Antonio Riva (; 8 April 1896 Shanghai – 17 August 1951 Beijing) was an Italian pilot and a World War I flying ace, credited with seven confirmed and seven unconfirmed aerial victories. In 1951, he was executed by firing squad under the newly established People's Republic of China for allegedly conspiring to assassinate Mao Zedong and other Communist leaders.

Early life and infantry service 
Antonio Riva was born in Shanghai, China on 8 April 1896 from a family of wealthy merchants from Gorgonzola, Achille Riva and Teresa Barbaran Capra; the couple moved to China in 1880 to export silk in Italy. Being of Italian heritage, he returned to Italy as World War I engulfed Europe. He volunteered as a reserve officer on 31 December 1914, before Italy entered the war. On 11 July 1915, he was commissioned a Sottotenente in the Italian Army's 70th Infantry Regiment. On 12 November 1915, he was wounded, not returning to duty until 16 March 1916. He was transferred to the 201st Infantry Regiment on 15 June 1916; on 30 June he was once again wounded in action. He returned to the front with the 44th Infantry Regiment on 22 August 1916. The next month, he went on leave; upon his return, he found himself bucked to the 49th Infantry Regiment. However, on 25 September 1916, he was accepted for pilot's training at San Giusto.

World War I aerial service 
Riva became a Tenente (Lieutenant) while in aviation training; his promotion was effective 25 February 1917. He completed his training in April 1917, while stationed in Foggia. His first assignment was to a reconnaissance two-seater unit, 29a Squadriglia. After just 12 sorties with them, he undertook fighter conversion training on Nieuports in June 1917. In July, he underwent gunnery school at San Giusto. On 19 July, he was posted to a fighter squadron, 73a Squadriglia. He transferred out to 71a Squadriglia at the end of July.

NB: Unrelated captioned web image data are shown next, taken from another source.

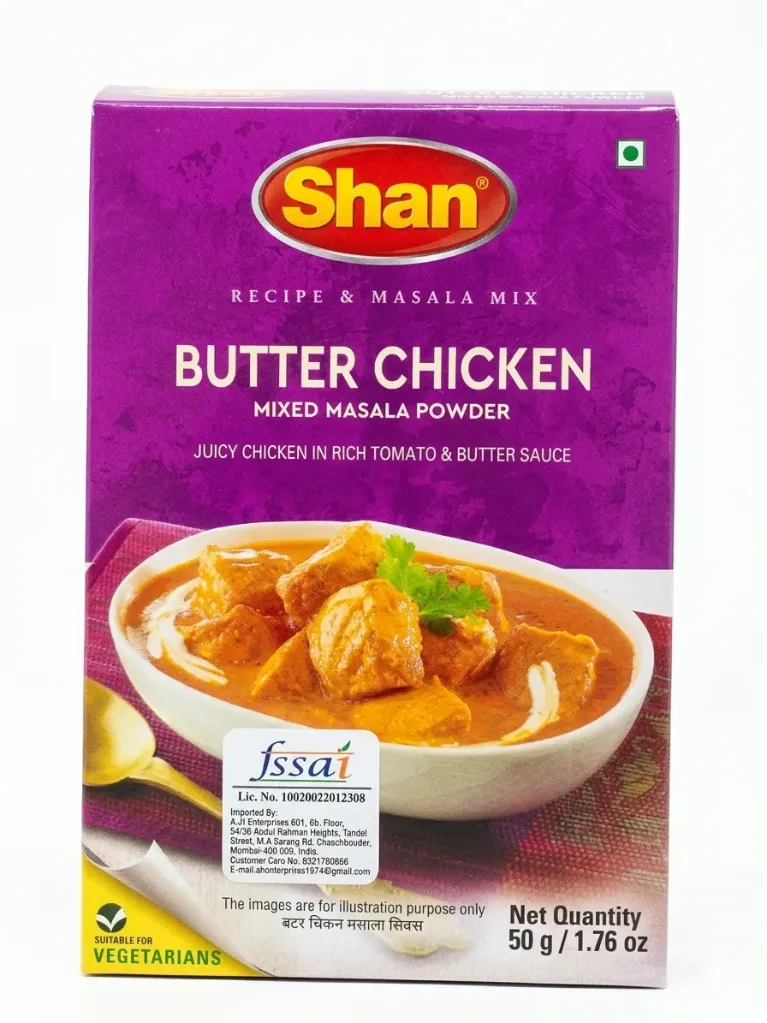 Shan butter chicken masala 50g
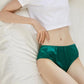 Set of 9 Pure Mulberry Silk Bikini Panties | Mid Waist | 22 Momme | Float Collection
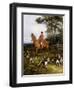 Picking up the scent-Heywood Hardy-Framed Premium Giclee Print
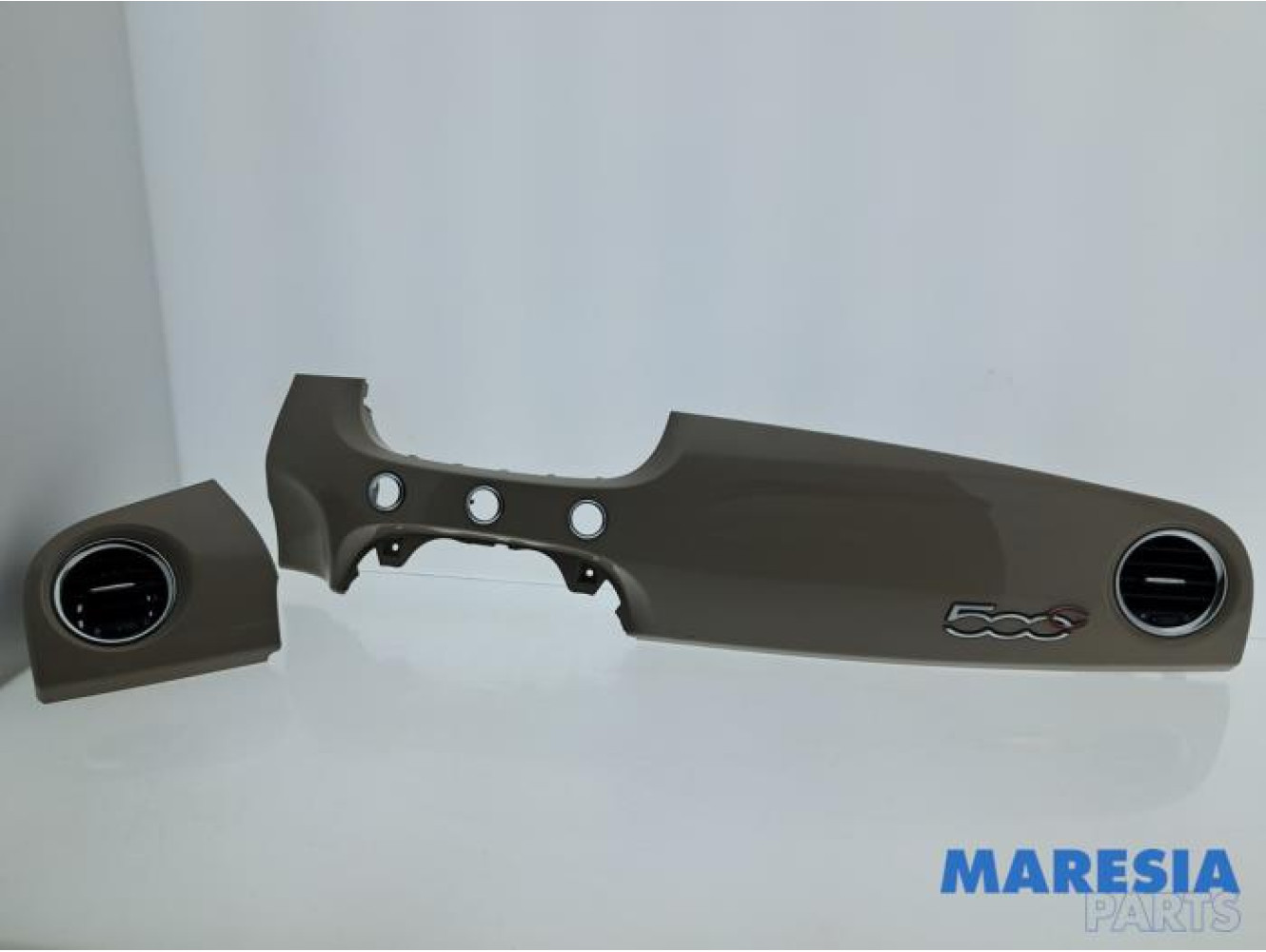Fiat - 500 - Dashboard part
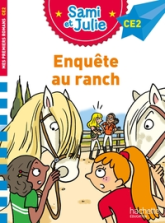 Sami et Julie Roman CE2 - Enquête au ranch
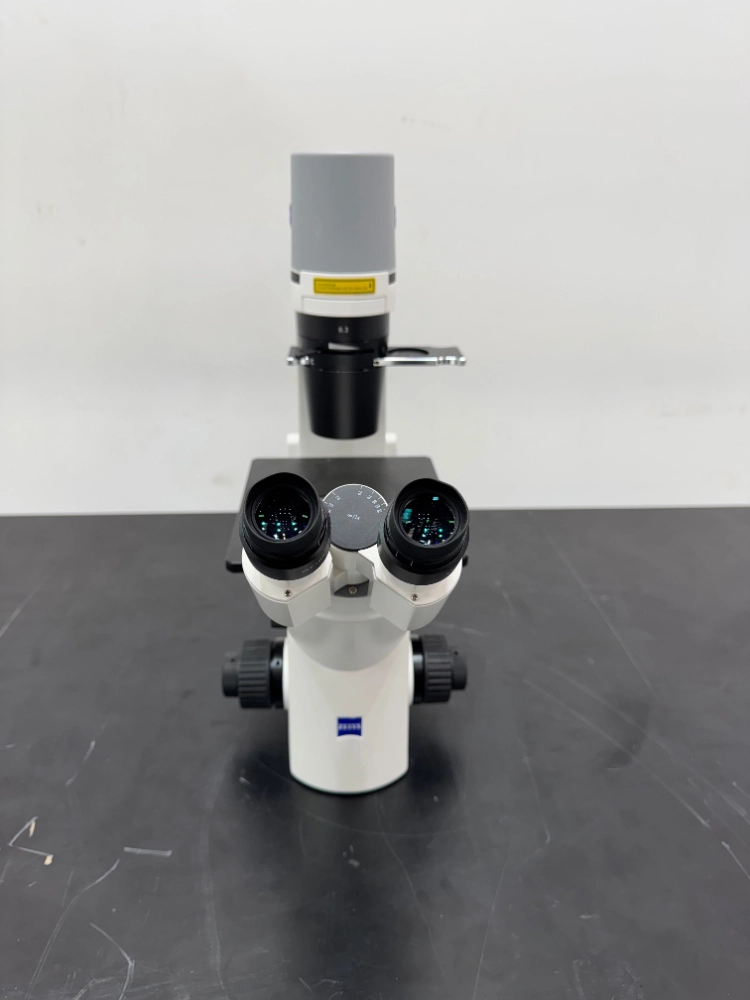 Zeiss Primovert Inverted Microscope with Plan ACHRO Objectives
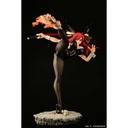 (PO) Fairy Tail Erza Scarlet High Kick Ver. Black Bunny Image_2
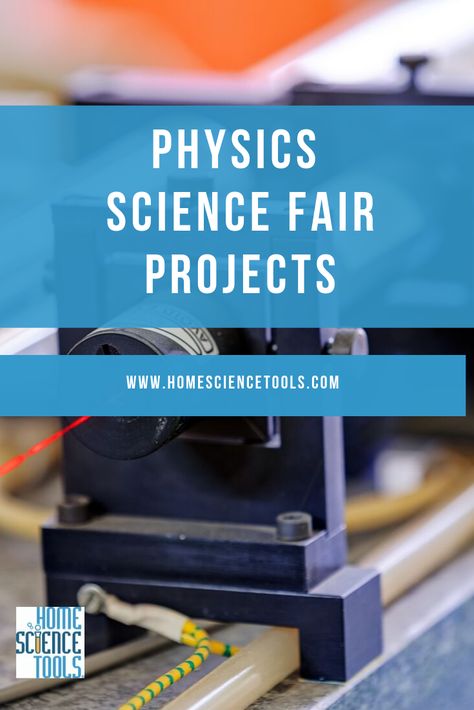 Physics has a lot of options for Science Fair; click here for all the Physics Projects that are sure winners! High School Science Fair Projects Physics, Physics Projects Ideas High School, Physics Projects High School, Physics Experiments High School, Physics Science Fair Projects, Energy Experiments, Middle School Science Fair Projects, High School Science Fair Projects, High School Science Fair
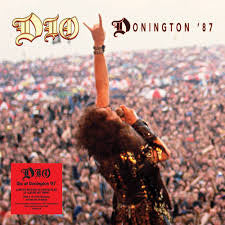 Dio - Donington ‘87 - 2LP with 4th Side Etching - 180g Gatefold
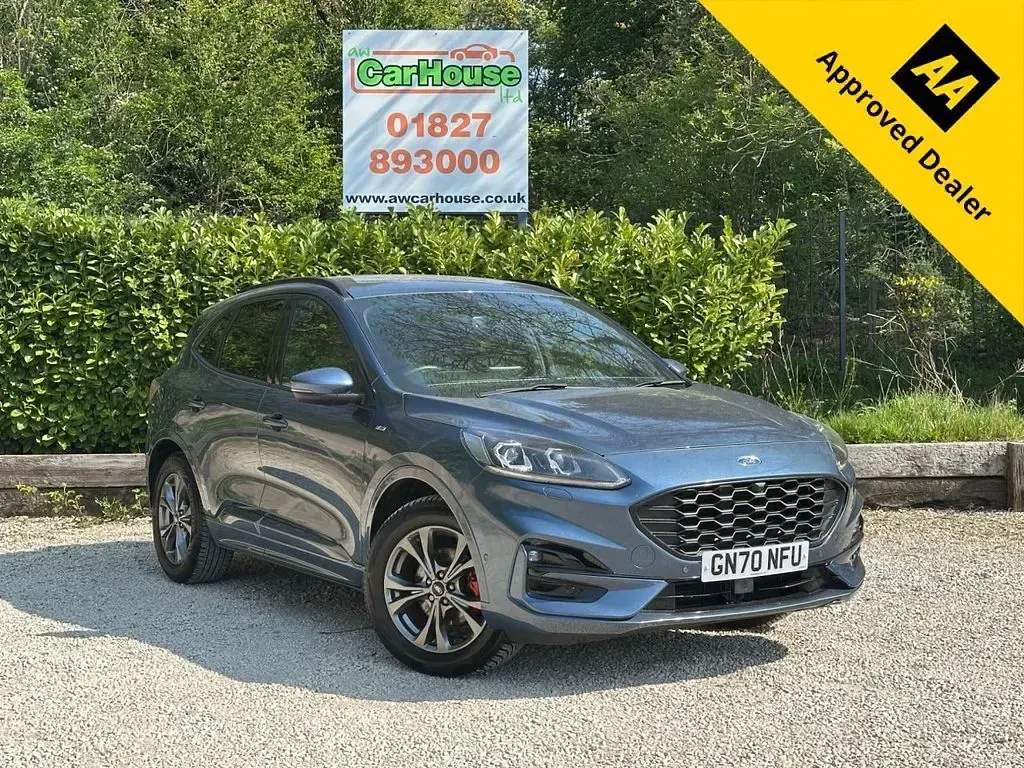 Used Ford Kuga ST-Line 120 HP (88 kW) 2020 SUV
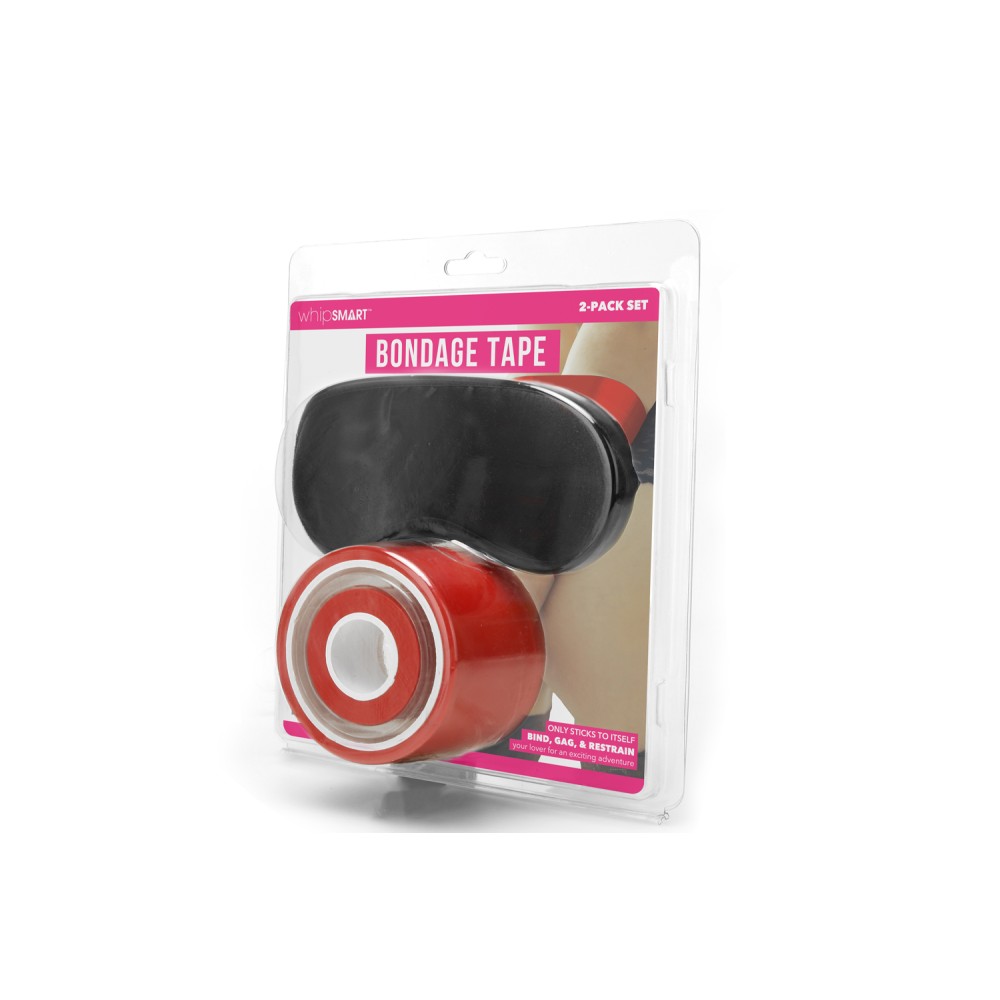 Whipsmart 100ft Bondage Tape Red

Riva began his successes while flying a Nieuport 11 with this fighter squadron when he shared a victory with Antonio Amantea and another Italian pilot. The trio shot down Austro-Hungarian ace Julius Kowalczik in his Albatros D.III on 24 August 1917. Riva was promoted to Capitano on 31 October 1917. He switched over to command 78a Squadriglia on 12 November 1917 and changed mounts to a Hanriot HD.1. His next successes came on 26 December 1917, when he shot down a DFW reconnaissance plane solo, followed by a second win over another DFW, shared with Silvio Scaroni and three British pilots. A month later, on 27 January 1918, Riva teamed with Guglielmo Fornagiari for a fourth victory. On 15 June 1918, Riva became an ace. He and Amedeo Mecozzi teamed to down a Hansa-Brandenburg C.I. After a string of five unconfirmed claims, he would down two more planes in 1918, to bring his total to seven; he had an equal number of unconfirmed claims. Riva was assigned on 10 September 1918 as commanding officer to form a new squadron, 90a Squadriglia, equipped with a new fighter aircraft, the SVA 5. During this assignment, he continued to fly, and post his victory claims with, 78a Squadriglia. Antonio Riva ended World War I having been awarded the Silver Medal for Military Valor and the Knight's Cross of the Military Order of Savoy.

List of aerial victories

Confirmed victories are numbered and listed chronologically. Unconfirmed victories are denoted by "u/c" and may or may not be listed by date.

Post World War I
On 1 February 1919, the Bongiovanni commission review of the aerial victories of the Italian Army's pilots confirmed seven of Antonio Riva's aerial victory claims. In 1920, Riva was stationed in China, placed in charge of the Chinese stopovers for a Rome to Tokyo flight. He was discharged in January 1921.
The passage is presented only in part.